Dans tous les cas, la dévaluation a entraîné une situation sociale délabrée pour une partie importante des populations de la CEMAC dont les pays membres ont eu bien du mal à se relever. Pour ASCA, une réforme réelle de la politique monétaire ne saurait se limiter à une dévaluation du FCFA. « Si cette réforme pourrait être qualifiée de brutale, et ayant des effets mécaniques sur l’inflation et le service de la dette, elle a le mérite de conserver les avantages (cités auparavant) de la parité fixe tout en espérant un impact positif sur la balance commerciale, les finances publiques, et la production locale », estiment les expert d’ASCA.
Parmi les voies de sortie proposées, on retrouve le réaménagement du panier, en introduisant d’autres monnaies comme par exemple le dollar et le yuan chinois. Une telle option permettrait à la zone CEMAC de s’adapter à l’ouverture progressive de son commerce vers la Chine. L’autre suggestion serait d’introduire une bande de fluctuation. Cette solution a récemment été mise en application au Maroc et permet au pays de gérer la fluctuation du dirham en douceur.
Le FCFA reste solide de par sa nature même
Pour Attijariwafa Bank, la nature même du FCFA a été la première ligne de défense des pays de la CEMAC face à la nouvelle crise des matières premières qui a frappé l’économie de ses pays membres. Elle prend compte les critiques qui sont formulées à l’endroit de cette monnaie.
« Il est généralement admis qu’un régime de change indexé à une devise forte ne procure pas de compétitivité prix aux exportations. C’est un mécanisme qui encourage, au contraire, la consommation de produits importés. De même, l’implémentation d’une politique monétaire se réalise au niveau de chaque zone, et est quelque part influencée par la politique monétaire de la Banque Centrale Européenne (BCE). Autrement, la centralisation de la moitié des réserves auprès de la Banque de France est une disposition souvent décriée, du fait des contraintes citées précédemment », peut-on lire dans l’analyse.

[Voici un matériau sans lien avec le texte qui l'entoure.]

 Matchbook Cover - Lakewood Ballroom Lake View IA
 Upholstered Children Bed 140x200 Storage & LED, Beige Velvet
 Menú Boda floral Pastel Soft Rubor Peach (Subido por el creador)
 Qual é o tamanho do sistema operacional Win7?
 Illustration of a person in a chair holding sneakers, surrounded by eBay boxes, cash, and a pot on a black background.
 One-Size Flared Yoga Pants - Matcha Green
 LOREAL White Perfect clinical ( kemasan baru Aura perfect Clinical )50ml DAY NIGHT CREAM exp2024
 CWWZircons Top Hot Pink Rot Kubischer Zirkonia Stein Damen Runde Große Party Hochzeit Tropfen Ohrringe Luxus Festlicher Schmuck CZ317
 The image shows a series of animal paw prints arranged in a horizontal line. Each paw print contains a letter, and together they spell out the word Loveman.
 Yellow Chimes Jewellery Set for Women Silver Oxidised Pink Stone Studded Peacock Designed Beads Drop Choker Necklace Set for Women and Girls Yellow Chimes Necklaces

Néanmoins, remarque-telle, les avantages de cette monnaie sont plus important que ses inconvénients. Un de ces avantages est la flexibilité dans la mise en œuvre des accords qui encadrent son existence. Ainsi, il n’est pas prévu de pénalités ou de sanctions à l’égard des pays ne respectant pas les critères de convergence. La Banque de France ne fixe pas de limites sur les montants en devises tirés du compte courant. « L’institution tolère les situations de débit sans pour autant fixer de plafonds ou prévoir de sanctions. De même, des avances pourraient être consenties à hauteur de 20% des recettes budgétaires, sous forme directe ou à travers l’acquisition de titres de dette souveraine », explique l’analyse.
Ainsi, il n’est pas prévu de pénalités ou de sanctions à l’égard des pays ne respectant pas les critères de convergence. La Banque de France ne fixe pas de limites sur les montants en devises tirés du compte courant.

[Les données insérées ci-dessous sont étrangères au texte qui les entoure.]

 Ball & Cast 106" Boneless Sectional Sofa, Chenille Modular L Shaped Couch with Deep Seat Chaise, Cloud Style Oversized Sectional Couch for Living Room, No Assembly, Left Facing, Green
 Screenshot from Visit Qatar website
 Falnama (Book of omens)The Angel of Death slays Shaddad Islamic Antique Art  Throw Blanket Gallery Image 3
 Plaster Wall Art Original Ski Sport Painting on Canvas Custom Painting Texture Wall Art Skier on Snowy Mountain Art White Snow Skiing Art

Le rapport publié par le FMI début décembre, indique en effet, qu’en 2016, au moins 4 pays de la CEMAC ne respectaient pas l’un des 4 critères de convergence. Cette flexibilité a aussi pu être constaté lors des réunions successives du comité de pilotage du programme de réformes économiques de la zone CEMAC. La dette de la République Congolaise représente plus de 70% de son Produit Intérieur Brut, le Cameroun, le Gabon et le Tchad font face à d’important arriérés qui plombent le secteur bancaire, aucun des pays n’a un solde budgétaire positif et, dans certains pays, la hausse des prix a dépassé les 3%. Pourtant, aucune sanction n’est prise, ni par la France, ni pas les instances de la CEMAC.

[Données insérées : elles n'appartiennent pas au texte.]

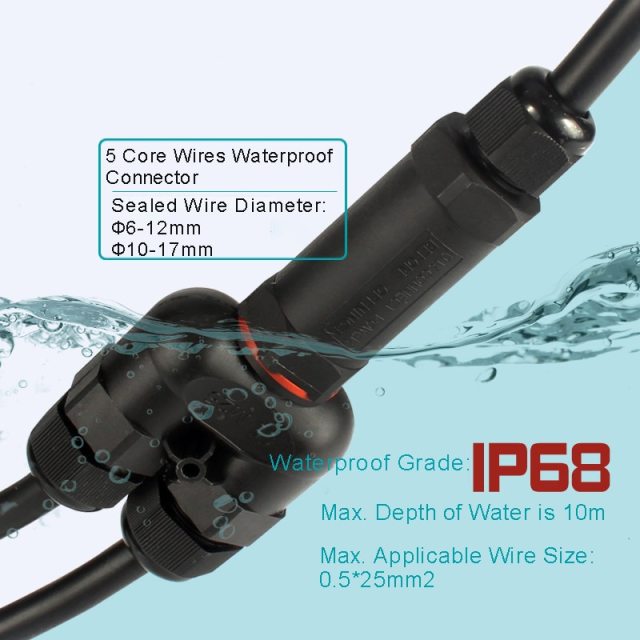 1PC T-Type Wire Waterproof Terminal Connector Y-Type Quickly Connected 5 Pin Sealed IP68 Retardant Junction Boxescable Connector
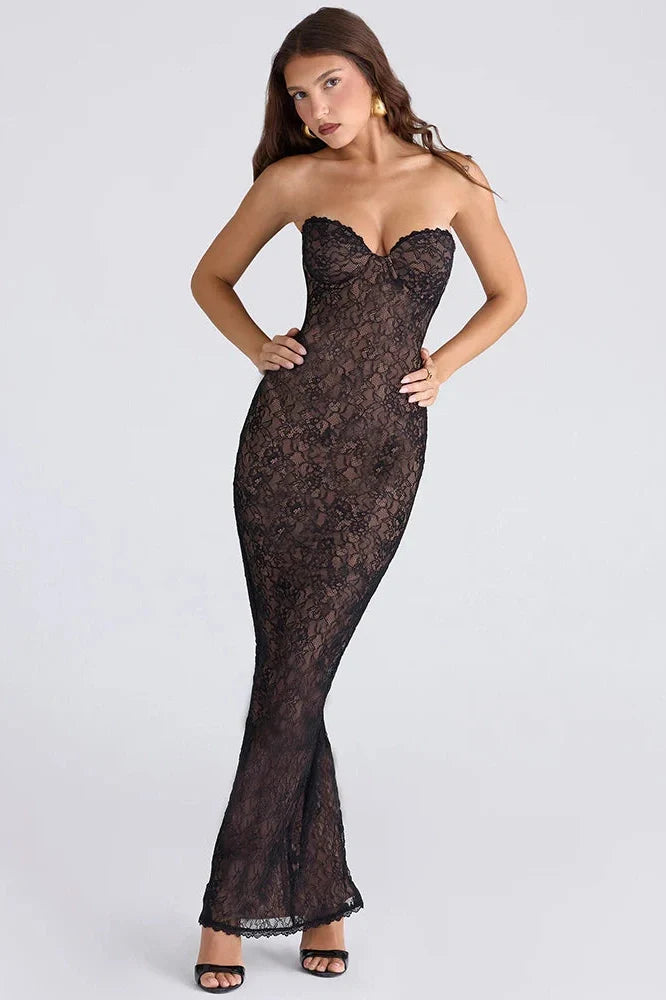 Lace Long Sleeve Square Collar Strapless Split Bodycon Maxi Dress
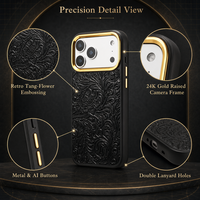 Coque en cuir de vachette style rétro Tang-Flower pour Apple iPhone 17 18 avec trous pour lanière et clé AI – Vente en gros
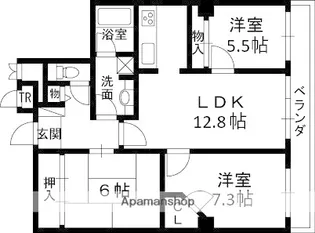 セントラルガーデンタワー【3階】の間取り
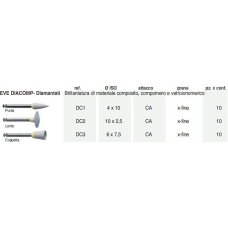 Eve Diacomp Diamantati Ref.DC1 ISO 4x10 Grana ExtraFine 10pz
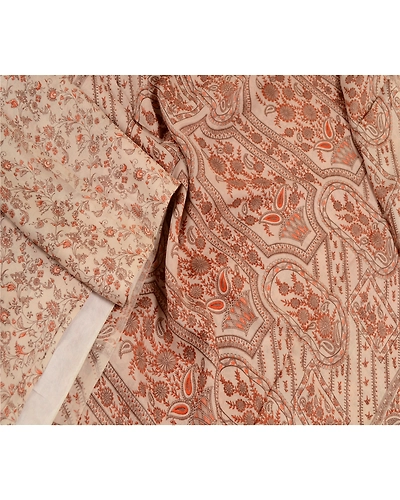 Sanskriti Vintage Sarees Ivory 100% Pure Silk Printed Sari Floral Craft Fabric, PR-62531-Ivory-Pure Silk-2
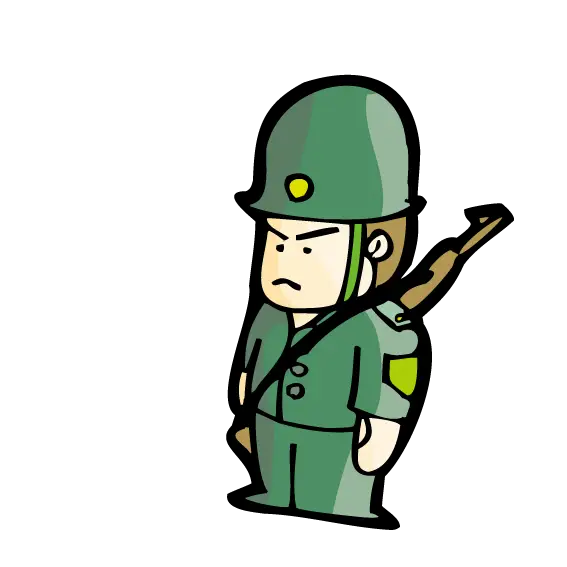 Cartoon Soldier in Uniform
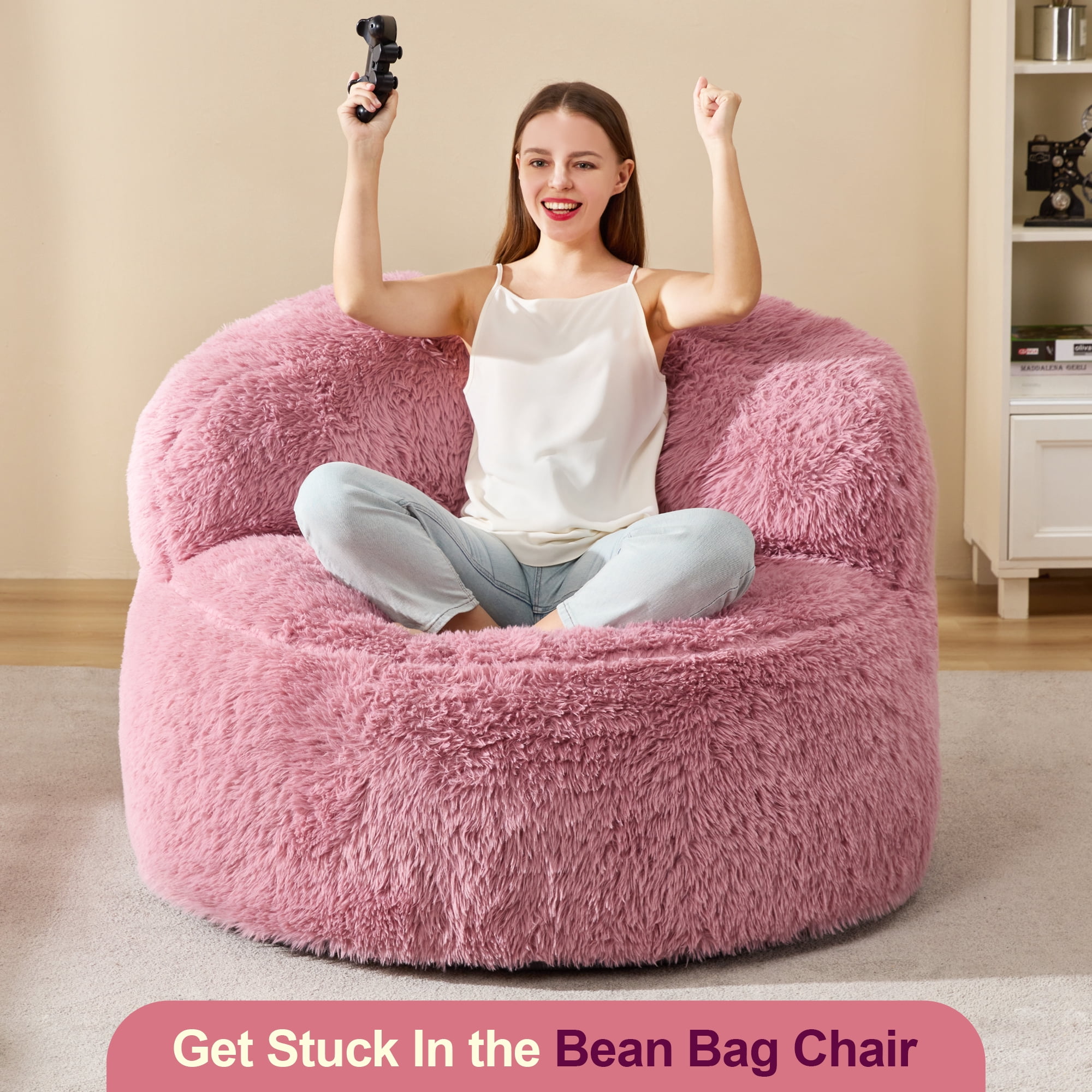 Hobestluk Giant Bean Bag Chairs for Adults Big Bean Bag Chair with Foam Filler Large Beanbags with Stuffed Back Lazy Sofa, Pink-Oversize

L’autre avantage reconnu au CFA se matérialise, selon ASCA, dans le climat de confiance que crée son régime de change fixe. « Le régime actuel du FCFA procure les avantages intrinsèques d’un régime de change fixe, indexé à une devise forte, en l’occurrence le maintien d’une inflation basse, la résilience et l’instauration d’un climat de confiance propice à l’endettement et à l’investissement » expliquent ses analystes.